ACTIVITY
Using the data below, gather each line that includes the word "getting".

*** Opening of PROVIDED DATA ***

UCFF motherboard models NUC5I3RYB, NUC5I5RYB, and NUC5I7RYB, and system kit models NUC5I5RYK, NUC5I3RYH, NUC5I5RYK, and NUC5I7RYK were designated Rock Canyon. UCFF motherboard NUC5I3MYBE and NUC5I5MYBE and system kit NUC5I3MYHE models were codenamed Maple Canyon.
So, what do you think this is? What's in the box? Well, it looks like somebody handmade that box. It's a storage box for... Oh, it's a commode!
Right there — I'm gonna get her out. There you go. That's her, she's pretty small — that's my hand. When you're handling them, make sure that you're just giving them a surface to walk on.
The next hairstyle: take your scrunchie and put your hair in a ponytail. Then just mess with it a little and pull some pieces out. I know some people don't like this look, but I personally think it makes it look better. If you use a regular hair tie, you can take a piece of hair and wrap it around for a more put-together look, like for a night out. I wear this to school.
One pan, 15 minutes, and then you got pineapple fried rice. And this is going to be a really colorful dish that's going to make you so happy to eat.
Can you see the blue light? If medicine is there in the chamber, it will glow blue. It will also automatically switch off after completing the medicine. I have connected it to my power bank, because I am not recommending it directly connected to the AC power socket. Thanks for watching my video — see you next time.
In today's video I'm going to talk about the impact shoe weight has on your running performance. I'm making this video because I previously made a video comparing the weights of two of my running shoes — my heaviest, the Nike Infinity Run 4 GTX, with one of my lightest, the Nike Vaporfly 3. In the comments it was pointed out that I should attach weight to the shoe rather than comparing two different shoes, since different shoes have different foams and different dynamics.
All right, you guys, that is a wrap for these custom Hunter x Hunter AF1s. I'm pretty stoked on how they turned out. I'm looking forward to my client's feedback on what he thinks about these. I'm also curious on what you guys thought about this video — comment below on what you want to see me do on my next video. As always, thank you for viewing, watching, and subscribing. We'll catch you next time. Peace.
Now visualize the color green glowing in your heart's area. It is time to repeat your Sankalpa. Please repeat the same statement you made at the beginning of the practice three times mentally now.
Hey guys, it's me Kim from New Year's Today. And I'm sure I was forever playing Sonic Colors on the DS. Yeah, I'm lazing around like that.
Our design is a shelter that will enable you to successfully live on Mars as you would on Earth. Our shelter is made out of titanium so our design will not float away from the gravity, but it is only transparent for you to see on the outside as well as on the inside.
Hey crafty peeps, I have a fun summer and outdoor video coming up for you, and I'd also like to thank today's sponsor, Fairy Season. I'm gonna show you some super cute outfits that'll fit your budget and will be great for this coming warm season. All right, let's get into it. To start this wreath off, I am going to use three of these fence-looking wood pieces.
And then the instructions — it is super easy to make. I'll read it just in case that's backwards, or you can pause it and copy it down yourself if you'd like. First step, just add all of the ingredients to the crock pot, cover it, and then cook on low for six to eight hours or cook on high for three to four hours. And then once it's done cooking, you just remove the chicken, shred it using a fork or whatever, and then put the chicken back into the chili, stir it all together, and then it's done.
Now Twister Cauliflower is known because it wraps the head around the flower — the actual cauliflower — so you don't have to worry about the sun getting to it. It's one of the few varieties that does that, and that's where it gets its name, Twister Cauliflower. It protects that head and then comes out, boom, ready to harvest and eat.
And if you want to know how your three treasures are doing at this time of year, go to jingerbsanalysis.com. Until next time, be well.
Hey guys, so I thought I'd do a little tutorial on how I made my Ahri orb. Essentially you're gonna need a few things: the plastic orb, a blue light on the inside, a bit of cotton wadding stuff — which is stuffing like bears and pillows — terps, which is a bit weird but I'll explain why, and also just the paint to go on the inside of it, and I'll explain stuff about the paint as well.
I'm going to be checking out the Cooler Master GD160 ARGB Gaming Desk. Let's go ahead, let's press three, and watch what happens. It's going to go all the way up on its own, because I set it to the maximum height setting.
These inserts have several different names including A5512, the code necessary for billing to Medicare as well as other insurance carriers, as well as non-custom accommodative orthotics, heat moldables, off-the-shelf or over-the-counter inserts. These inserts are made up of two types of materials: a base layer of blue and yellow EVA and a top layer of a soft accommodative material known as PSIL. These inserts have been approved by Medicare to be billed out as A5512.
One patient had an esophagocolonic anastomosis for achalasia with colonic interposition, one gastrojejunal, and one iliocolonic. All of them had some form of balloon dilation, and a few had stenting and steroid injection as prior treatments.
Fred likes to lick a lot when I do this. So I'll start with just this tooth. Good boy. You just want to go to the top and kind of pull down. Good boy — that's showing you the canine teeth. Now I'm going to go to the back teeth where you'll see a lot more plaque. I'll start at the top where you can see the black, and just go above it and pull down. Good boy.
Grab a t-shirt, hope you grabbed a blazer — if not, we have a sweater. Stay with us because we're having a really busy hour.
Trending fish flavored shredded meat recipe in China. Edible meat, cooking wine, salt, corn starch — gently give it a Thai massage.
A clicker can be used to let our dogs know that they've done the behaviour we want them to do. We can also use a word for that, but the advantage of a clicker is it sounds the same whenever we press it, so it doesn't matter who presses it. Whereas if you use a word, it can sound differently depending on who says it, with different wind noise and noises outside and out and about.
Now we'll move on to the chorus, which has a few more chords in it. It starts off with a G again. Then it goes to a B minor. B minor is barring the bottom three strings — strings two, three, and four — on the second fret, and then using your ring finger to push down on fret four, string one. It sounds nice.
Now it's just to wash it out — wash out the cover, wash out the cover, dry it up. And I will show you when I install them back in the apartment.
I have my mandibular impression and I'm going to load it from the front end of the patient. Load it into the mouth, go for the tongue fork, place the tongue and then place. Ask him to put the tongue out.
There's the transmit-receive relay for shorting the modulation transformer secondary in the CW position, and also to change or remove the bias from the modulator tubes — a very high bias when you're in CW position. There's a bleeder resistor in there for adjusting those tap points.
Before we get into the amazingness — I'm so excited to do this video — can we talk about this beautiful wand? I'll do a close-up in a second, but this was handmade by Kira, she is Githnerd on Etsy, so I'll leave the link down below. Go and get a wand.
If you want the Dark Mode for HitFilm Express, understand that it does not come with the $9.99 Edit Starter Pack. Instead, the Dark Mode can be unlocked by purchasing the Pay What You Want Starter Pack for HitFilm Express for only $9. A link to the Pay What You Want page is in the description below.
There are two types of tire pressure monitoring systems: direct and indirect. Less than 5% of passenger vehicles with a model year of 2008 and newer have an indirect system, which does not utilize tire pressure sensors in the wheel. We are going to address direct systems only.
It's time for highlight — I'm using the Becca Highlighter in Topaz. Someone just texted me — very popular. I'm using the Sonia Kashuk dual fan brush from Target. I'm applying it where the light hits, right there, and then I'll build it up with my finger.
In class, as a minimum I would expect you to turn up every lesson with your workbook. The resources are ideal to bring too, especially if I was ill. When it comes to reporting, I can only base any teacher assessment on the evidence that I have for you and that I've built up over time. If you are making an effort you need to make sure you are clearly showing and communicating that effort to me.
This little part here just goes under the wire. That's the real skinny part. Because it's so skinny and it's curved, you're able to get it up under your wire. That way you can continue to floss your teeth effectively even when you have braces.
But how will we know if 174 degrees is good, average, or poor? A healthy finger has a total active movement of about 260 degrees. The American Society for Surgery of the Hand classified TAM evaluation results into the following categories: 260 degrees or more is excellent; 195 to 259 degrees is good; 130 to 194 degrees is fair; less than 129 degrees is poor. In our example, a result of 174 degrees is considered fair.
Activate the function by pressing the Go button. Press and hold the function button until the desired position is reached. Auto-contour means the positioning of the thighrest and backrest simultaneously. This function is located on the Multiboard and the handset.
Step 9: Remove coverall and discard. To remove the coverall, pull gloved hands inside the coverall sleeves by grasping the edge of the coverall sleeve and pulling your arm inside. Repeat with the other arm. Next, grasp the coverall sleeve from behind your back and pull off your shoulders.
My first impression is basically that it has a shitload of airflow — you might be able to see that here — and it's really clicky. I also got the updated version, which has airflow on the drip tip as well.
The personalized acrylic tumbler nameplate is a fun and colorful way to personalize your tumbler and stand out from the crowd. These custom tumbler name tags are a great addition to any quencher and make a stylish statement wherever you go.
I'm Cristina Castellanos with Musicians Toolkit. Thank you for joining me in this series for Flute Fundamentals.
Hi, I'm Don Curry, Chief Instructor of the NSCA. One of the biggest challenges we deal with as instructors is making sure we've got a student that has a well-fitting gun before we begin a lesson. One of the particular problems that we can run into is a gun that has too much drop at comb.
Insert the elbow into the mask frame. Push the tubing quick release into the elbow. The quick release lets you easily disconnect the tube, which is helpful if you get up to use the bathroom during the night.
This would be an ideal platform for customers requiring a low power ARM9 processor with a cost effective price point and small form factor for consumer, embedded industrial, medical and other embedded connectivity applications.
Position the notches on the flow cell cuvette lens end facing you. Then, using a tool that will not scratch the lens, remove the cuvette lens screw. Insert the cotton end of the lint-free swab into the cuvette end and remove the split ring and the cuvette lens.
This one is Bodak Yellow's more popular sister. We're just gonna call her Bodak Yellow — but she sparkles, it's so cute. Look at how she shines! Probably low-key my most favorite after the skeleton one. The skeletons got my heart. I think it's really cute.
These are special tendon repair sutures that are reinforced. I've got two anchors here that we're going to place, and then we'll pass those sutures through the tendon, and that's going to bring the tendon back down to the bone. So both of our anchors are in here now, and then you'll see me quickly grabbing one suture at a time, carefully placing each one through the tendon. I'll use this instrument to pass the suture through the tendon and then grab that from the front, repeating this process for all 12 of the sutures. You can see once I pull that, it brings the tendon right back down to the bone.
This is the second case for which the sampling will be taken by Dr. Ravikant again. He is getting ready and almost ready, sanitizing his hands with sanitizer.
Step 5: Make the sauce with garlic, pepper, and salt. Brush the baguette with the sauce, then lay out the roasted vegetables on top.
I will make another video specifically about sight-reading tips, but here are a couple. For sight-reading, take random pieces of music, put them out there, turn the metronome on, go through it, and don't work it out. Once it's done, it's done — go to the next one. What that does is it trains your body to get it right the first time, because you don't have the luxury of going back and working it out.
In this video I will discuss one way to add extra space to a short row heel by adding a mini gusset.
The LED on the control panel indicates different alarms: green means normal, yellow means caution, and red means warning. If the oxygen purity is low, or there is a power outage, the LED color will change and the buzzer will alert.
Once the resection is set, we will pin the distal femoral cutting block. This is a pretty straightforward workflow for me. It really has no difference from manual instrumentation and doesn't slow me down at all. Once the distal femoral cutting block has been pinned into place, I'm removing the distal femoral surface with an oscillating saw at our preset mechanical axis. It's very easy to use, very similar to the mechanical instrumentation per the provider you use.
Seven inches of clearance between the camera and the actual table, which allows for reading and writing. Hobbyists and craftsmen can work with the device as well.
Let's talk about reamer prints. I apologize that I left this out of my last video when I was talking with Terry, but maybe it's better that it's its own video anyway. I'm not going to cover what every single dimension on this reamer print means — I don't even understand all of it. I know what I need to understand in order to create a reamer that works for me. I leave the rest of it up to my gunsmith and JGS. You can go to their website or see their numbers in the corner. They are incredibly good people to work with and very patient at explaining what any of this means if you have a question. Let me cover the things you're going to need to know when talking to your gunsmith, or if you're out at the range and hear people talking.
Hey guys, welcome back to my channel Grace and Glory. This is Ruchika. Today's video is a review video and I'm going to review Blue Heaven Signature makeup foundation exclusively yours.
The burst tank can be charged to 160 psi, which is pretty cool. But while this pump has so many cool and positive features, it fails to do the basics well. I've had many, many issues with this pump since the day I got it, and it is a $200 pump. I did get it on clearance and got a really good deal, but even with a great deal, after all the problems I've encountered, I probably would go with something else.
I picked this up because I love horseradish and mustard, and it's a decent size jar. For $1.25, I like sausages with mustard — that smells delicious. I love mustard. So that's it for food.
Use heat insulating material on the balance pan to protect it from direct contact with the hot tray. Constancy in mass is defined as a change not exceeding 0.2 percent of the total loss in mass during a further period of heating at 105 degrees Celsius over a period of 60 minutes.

*** Close of PROVIDED DATA ***

ANSWER BELOW
Now Twister Cauliflower is known because it wraps the head around the flower — the actual cauliflower — so you don't have to worry about the sun getting to it. It's one of the few varieties that does that, and that's where it gets its name, Twister Cauliflower. It protects that head and then comes out, boom, ready to harvest and eat.
This is the second case for which the sampling will be taken by Dr. Ravikant again. He is getting ready and almost ready, sanitizing his hands with sanitizer.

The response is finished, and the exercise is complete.